Writer/director Robert Eggers’ latest foray into historically authentic New England nightmares begins with our cast of two — Willem Dafoe as the peg-legged lighthouse keeper Thomas Wake, and Robert Pattinson as new assistant Ephraim Winslow — arriving at the titular lighthouse, which is isolated on a remote rock and beset from all sides by the raging sea. It’s as desolate a setting as any, and the film foregoes any notion of solace as the ship that brought them to their four week shift is slowly swallowed by an ocean fog. Kept in such close quarters, and isolated from all civilization (and women, crucially), nerves begin to fray at a rapid pace. Wake’s stern demeanor, salty sea tales, abundance of flatulence, and unslakable thirst for spirits annoys Winslow to no end, and Winslow’s adherence to rules, teetotaling, and taciturn nature earn him no favors with his new boss. The relationship between the two characters is the rock this film is anchored to, keeping the film on an even keel throughout an increasingly absurd storm of madness and secrets by allowing the audience to hold on to some tangibly conventional element. The often jarring abruptness with which the film introduces its more unhinged elements makes little concession to audience understanding, and are delivered with the same furious pacing as the ardently old fashioned nautical dialect Eggers’ characters speak. Besides moving in fits-and-starts, the intentionally repetitious structure of film–built around the routine of chores both characters do to maintain the lighthouse–may prove frustrating to some. But, like all frustrations this elusive film metes out, it is in accordance with its devious grand designs.

The film settles into a rhythm of long stretches of Sisyphean labors that Winslow engages in to keep the lighthouse maintained during the day (never to Wake’s satisfaction, of course), a brief evening meal where our two characters interact, and then surreptitious nocturnal retreats as each character attends to their own secret routines (it is in the dark, of course, where the realm of the supernatural most permeates the story). The brief repasts are where the film comes to fiery life, offering the two actors the chance to spar with the deliciously salty vernacular Eggers, and his brother Max, have written for them. Dafoe in particular gets the lions’ share of the memorable lines (which the marketing team cannily worked into all the promotional materials, along with a particularly talented seagull) and he chews through them with gusto. The film is far from audience friendly with its suffocating mood, increasingly deranged scenes, and maddening ambiguities, but Wake and Winslow’s frequently combative, occasionally (surprisingly) tender, and always (even more surprisingly?) hilarious relationship, creates undeniable sparks of crowd-pleasing entertainment.

As entertaining as the duo is, because the film starts with the paranoia already cranked so high there’s not much of a satisfying arc in pushing them further off the brink. The film likely could have played things safer by starting on more stable ground so as to maximize the dramatic shift, but instead sacrifices drama for suffocating mood and exteriorized madness through setting (a similar trade Stanley Kubrick’s The Shining, 1980 made, which The Lighthouse is fittingly filled to the gills with homage to).

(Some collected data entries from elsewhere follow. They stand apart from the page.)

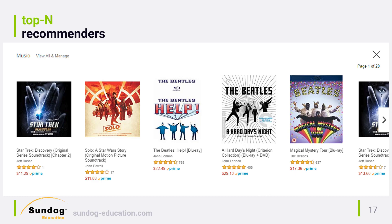Let's get some terminology out of the way. All of the recommender systems we've looked at so far are what's called top N recommender systems. That means their job is to produce a finite list of the best things to present to a given person. Here's a shot of my music recommendations on Amazon — it's made of 20 pages of five results per page, so this is a top N recommender where N is 100.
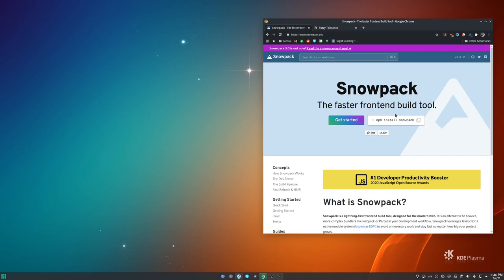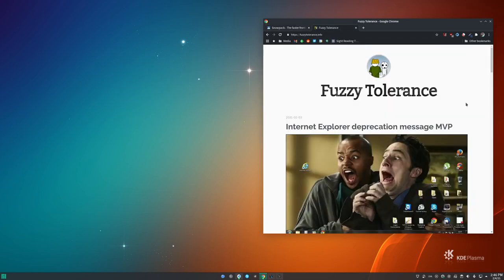A month or so ago I did a thing on Snowpack — it's a new front-end build tool that's really cool, extraordinarily fast, and the way it does its development environment with ESM modules rather than bundling is pretty awesome. Snowpack now has their version 3.0 release from January, and around the same time I decided Internet Explorer can suck it — I'm not supporting that anymore. So I decided to use Snowpack to make a new build system for GeoPortal, which is my most popular website. I wanted to share how I did that, some things I ran into, and the result — and overall I'm extremely happy with it.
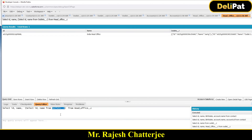So this is how you write a SOQL query to fetch child data from a parent for both standard and custom objects. In the next video I'll show you how to write this query and hold it in a proper list variable. See you in the next video.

Even if the descent into madness element of the plot can feel a bit rote, the specifics of how that madness is brought out through the narrative are packed with details to dig into. Greek myth, nautical folklore, Eldritch knowledge, psychosexual domination, and Freudian symbols make this two man descent into madness a richer text than one might surmise from the simple premise and scant character revelations. There are mysteries aplenty, but none come with the shock of revelation, and indeed the brief reveal of Winslow’s shrouded past (on the surface it appears to be one of the cards held closest to the film’s chest) hardly even registers. Wake himself even comments on the disappointment he feels in Winslow’s character development. It’s a small moment that at first registers as yet another humorous exchange, but is in fact one of many breadcrumbs that is layered into the film to uncover its deeper mysteries, none of which are handed to the audience in so easy a fashion as it reveals Winslow’s past. Any beans the film does spill are merely a Rosetta Stone to decipher everything from the abrupt supernatural occurrences, to the endless lighthouse labors.

The Lighthouse is a less satisfying work than Eggers’ previous film, The Witch (2015), on the level of pure cinematic drama. It operates less on character driven arcs and climactic build-ups, and more on heady poetic myth; it is laced with knotty symbolism, peopled by archetypes more than characters, and laboriously creaks along with fitfully clipped pacing. But attempting to scratch away at its barnacle encrusted secrets to spirit out some meaning for yourself is hardly a chore, as thunderous Melvillian monologues and fart humor are meted out with equal entertainment value and narrative contextualization, and the gorgeous cinematography and sound design (the score itself seems to bleed from the ominous fog horns and machinery of the lighthouse) makes for a sensorial and richly textured experience no matter how much you can glean from this exercise in myth making. The Lighthouse is a brave second feature for Eggers to continue to prove his immense talents in the craft of cinema, and bravery is sometimes worth more in the end than something you can tie up neatly with a bow. No, The Lighthouse will sit untied and untamed, left to be picked over by theorizers, critics, and gulls alike, a place as worthy as any.